2. The parties to these proceedings are joint owners of shares in several mahals and not merely cosharers in a single mahal but we do not believe that this makes any material difference in the decision of the questions before us.
3. The leading case on the subject is that of Watson & Co. v. Ram Chand Dutt  18 Cal. 10, decided by the Privy Council in 1890. In that case their Lordships refused to give a decree for joint possession to a joint owner not, it is to be observed, because the law did not provide the machinery for the granting and the execution of such a decree, but because the circumstances of the case did not warrant the Court in justice, equity and good conscience in giving the plaintiff that relief. In the judgment Sir Barnes Peacock remarked:
It seems to their Lordships that if there be two or more tenants in common, and A be in actual occupation of the part of the estate and is engaged in cultivating that part in a proper course of cultivation as if it were his separate property, and B another tenant-in-common attempts to come upon the said part for the purpose of carrying on operations there inconsistent with the course of cultivation in which A is engaged and the profitable use by him of the said part, and A resists and prevents such entry not in denial of B's title but simply with She object of protecting himself in the profitable enjoyment of the land, such conduct on the part of A would not entitle B to a decree for joint possession.

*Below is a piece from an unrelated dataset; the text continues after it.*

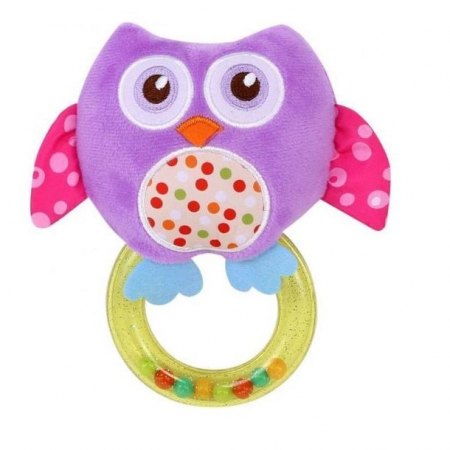 Jucarii interactive bebelusi - Jucarie cu Bilute,Bufnita mov 15 cm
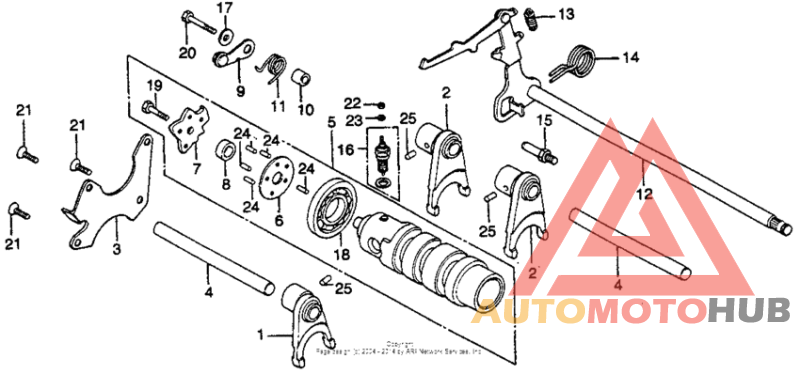 Gearshift drum + gearshift arm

4. After remarking on the waste and deterioration in the value of land that might follow in India if the Courts were invariably to give such decrees without a full consideration of the circumstances, the judgment proceeds:
In Bengal the Courts of justice in cases where no specific rule exists are to act according to justice, equity and-good conscience, and if in a case of shareholders holding land in common it should be found that one shareholder is in the act of cultivating a portion of the land which is not being actually used by another, it would scarcely be consistent with the rule above indicated to restrain him from proceeding with his work, or to allow any other shareholder to appropriate to himself the fruits of the other's labour or capital.
5. We believe that the materials for an answer to both of the questions referred to us are to be found in this judgment, but we propose to review briefly some of the cases which have come before this Court in recent years in order to see how the principles laid down by the Privy Council have been applied.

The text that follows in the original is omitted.